O registro do cinquentenário da hecatombe de Hiroshima, domingo passado, teve um aspecto muito relembrado: o seu continuado efeito nos sobreviventes. Ainda hoje existem hospitais para tratamento dos atingidos pela radiação.
Poder-se-ia falar então de um efeito Hiroshima, que seria a permanência, por um longo período, das consequências de um acontecimento nefasto.
No Brasil, esse efeito é observável na Constituição de 1988. Primeiro, um impacto devastador sobre as finanças públicas. Depois, as consequências duradouras sobre o regime fiscal e a economia.
De imediato, a Constituição transferiu mais um quinto da arrecadação federal para os Estados e municípios, sem a correspondente transferência de responsabilidades. Aumentou as vinculações de receita a despesa. Criou novas despesas na União. Enrijeceu dramaticamente o Orçamento. Piorou o sistema tributário.
A nova Carta Magna revigorou o modelo de intervenção estatal na economia, já então em acelerada exaustão. Idéias em desuso e até portarias ministeriais viraram preceito constitucional. O mesmo ocorreu na área dos monopólios estatais, com aumento de ineficiência na economia.
Diferentemente dos países que estão revendo políticas públicas, o Brasil se tornou o único caso em que reformas significam mudar a Constituição, até mesmo para rever o conceito de empresa nacional. O cipoal de normas deu origem a um neologismo: desconstitucionalizar.

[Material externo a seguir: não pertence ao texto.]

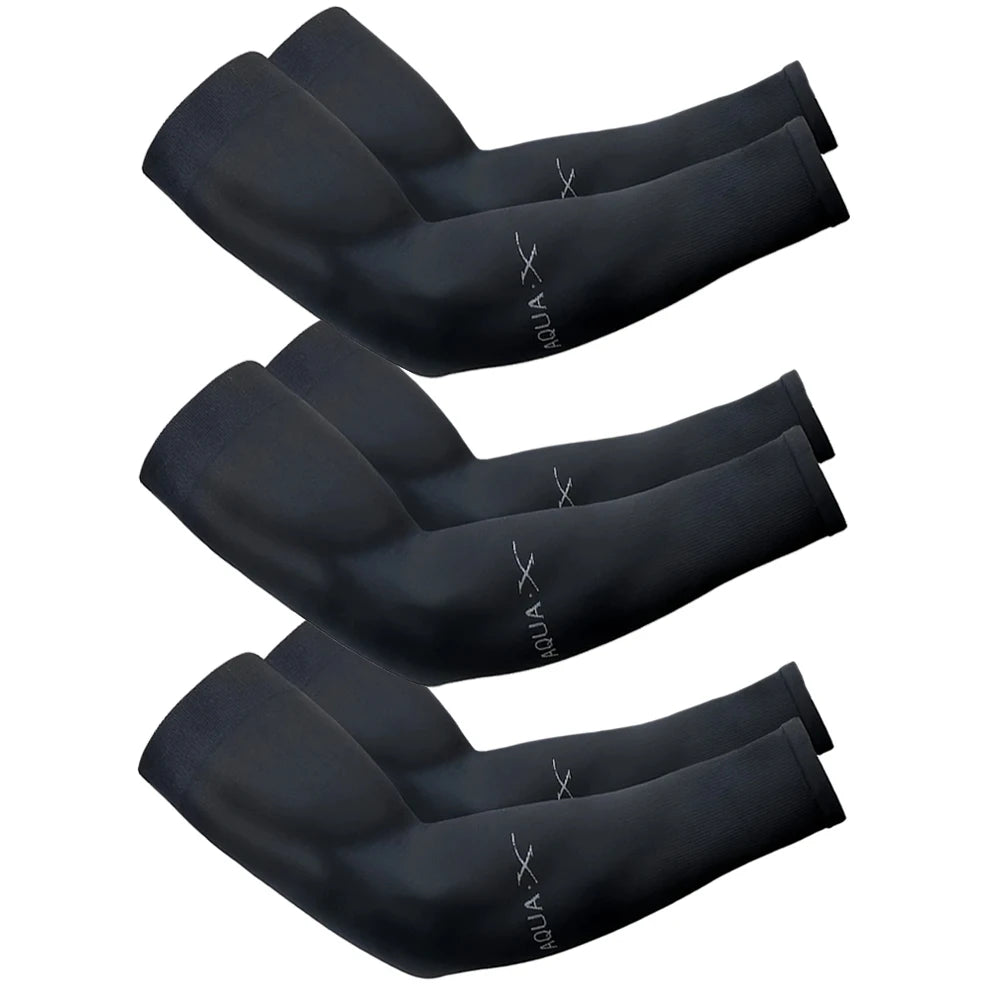 Sun Protection Ice Silk Arm Sleeves — 3 Pairs Unisex UV Guard for Cycling, Driving & Fishing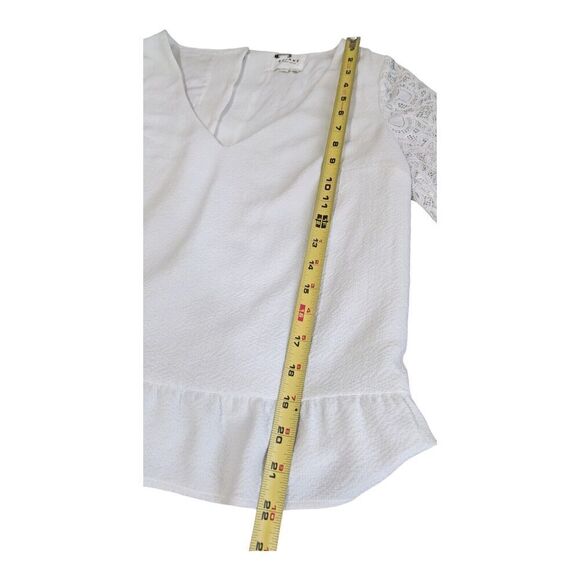 Sezane V‎ Neck Long Sleeve Eyelet Blouse White 38 - Picture 7 of 8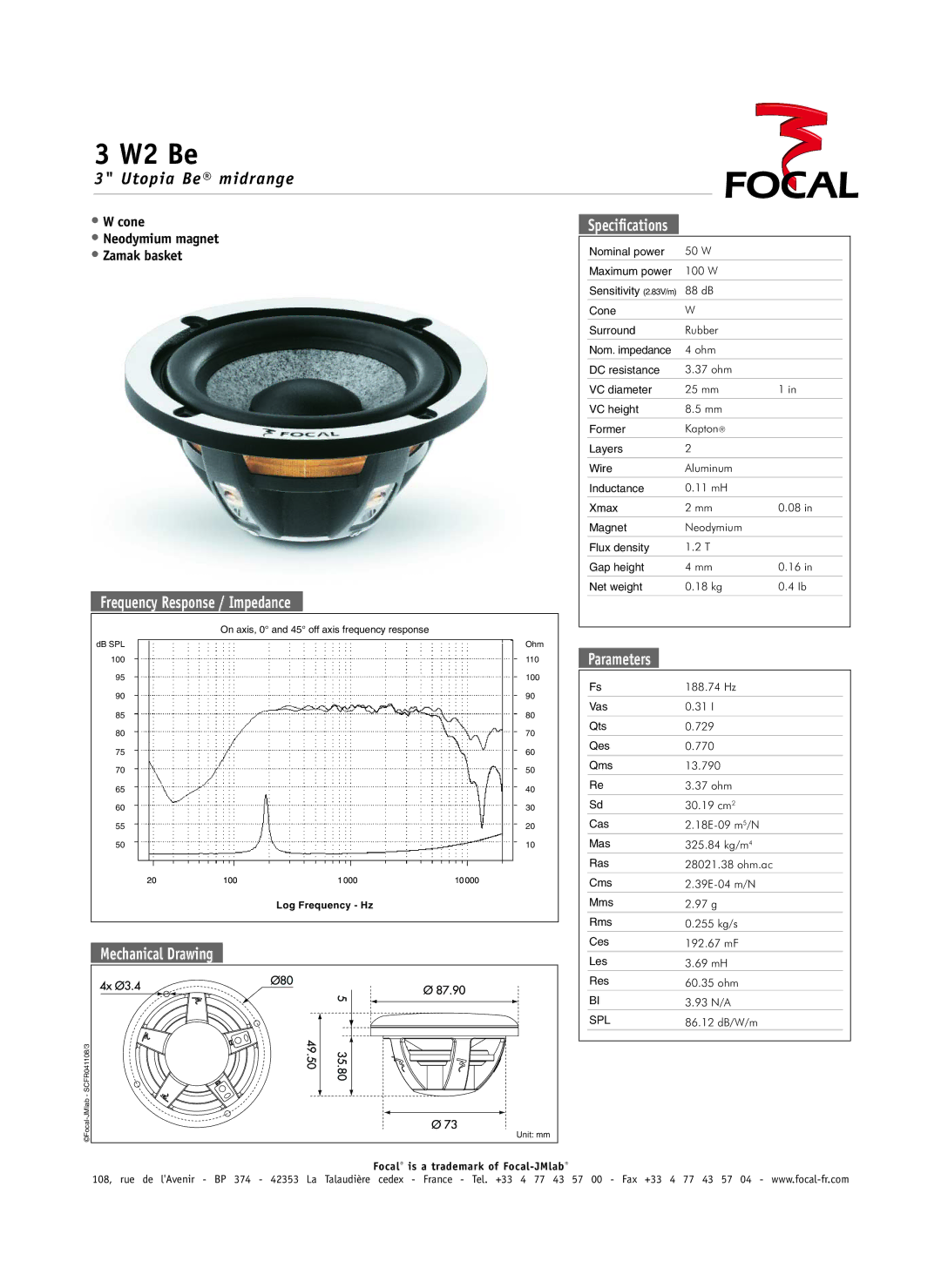 Focal 6 W3 Be specifications W2 Be, Utopia Be midrange 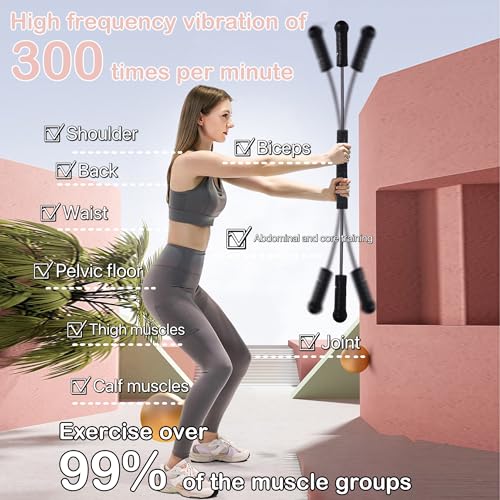 HOTSWEAT Elastic Fitness bar Weight bar Core Strength Training Arm Twister Home Gym Workout Suitable for Men Women Body Shaping and Fat Burning Training Blue - Image 3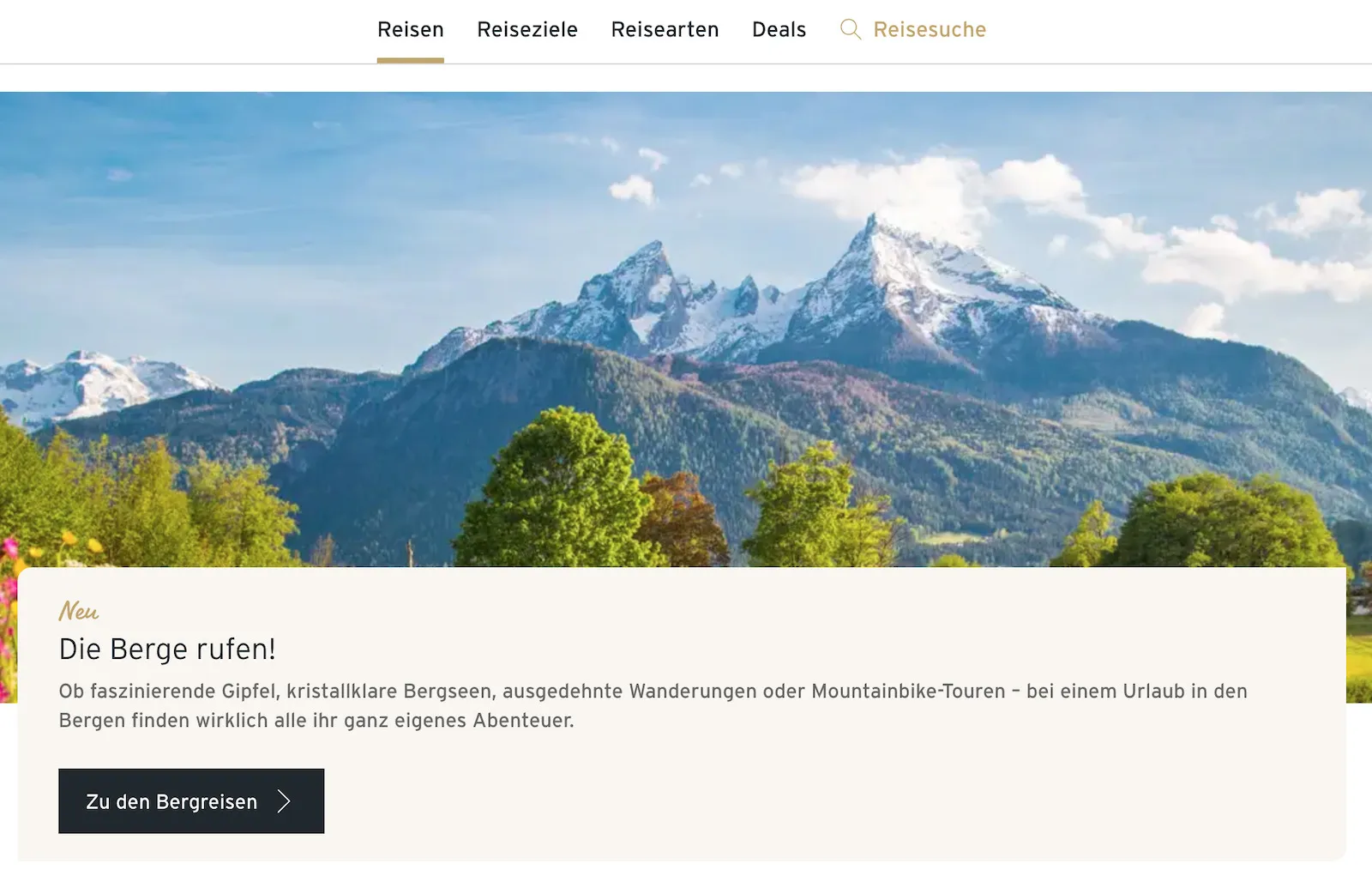 Beispielhafte Startseite von Tchibo Reisen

Incapazes de enxergar as mudanças em curso, os constituintes revolveram voltar ao passado. Desestruturam o Estado, pensando fortalecê-lo. O ambiente da época guarda semelhança com o de Weimar e de sua Constituição, de onde brotaram muitos dos conflitos distributivos que desembocaram na hiperinflação alemã.
Por isso, muitos asseguravam que seria difícil evitar o desastre. Tratar-se-ia de mero resultado da descompressão de demandas sociais e federativas. Significaria uma reação natural à concentração de renda e poder herdada do regime militar.

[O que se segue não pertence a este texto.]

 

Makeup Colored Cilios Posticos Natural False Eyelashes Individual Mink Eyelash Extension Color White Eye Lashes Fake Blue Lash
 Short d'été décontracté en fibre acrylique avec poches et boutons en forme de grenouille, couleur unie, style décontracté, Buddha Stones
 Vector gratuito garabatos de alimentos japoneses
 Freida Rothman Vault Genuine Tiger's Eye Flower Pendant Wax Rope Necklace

O renascimento do populismo no bojo da redemocratização é outra forte explicação. O velho vício reapareceu impulsionado pelo corporativismo e pelo clientelismo. Adquiriu ares de legitimidade: "resgatar a dívida social", "defender a soberania", "proteger a economia nacional", "salvar a agricultura", "garantir os direitos dos trabalhadores".
Os rumos poderiam ter sido outros se a Constituição tivesse acontecido posteriormente à queda do muro de Berlim e ao fracasso do socialismo real. Por exemplo, dificilmente teria adquirido status constitucional ampliado o mais conspícuo resquício do fascismo no Brasil, a legislação trabalhista.
Escrita em nome da cidadania e da justiça social, a Constituição terminou por amplificar as desigualdades. Contribuiu para aprofundar o processo hiperinflacionário. Criou barreiras à estabilidade da moeda e ao desenvolvimento sustentado da economia. Não foi pior porque muitos de seus dispositivos jamais foram regulamentados.
Felizmente, as maiorias perceberam o engodo. O sucesso do Plano Real aumentou o apoio social às mudanças. As reformas, longas e difíceis, começaram com animadora energia. Por isso, há esperanças de que celebremos o cinquentenário da Constituição livres de seus inúmeros defeitos.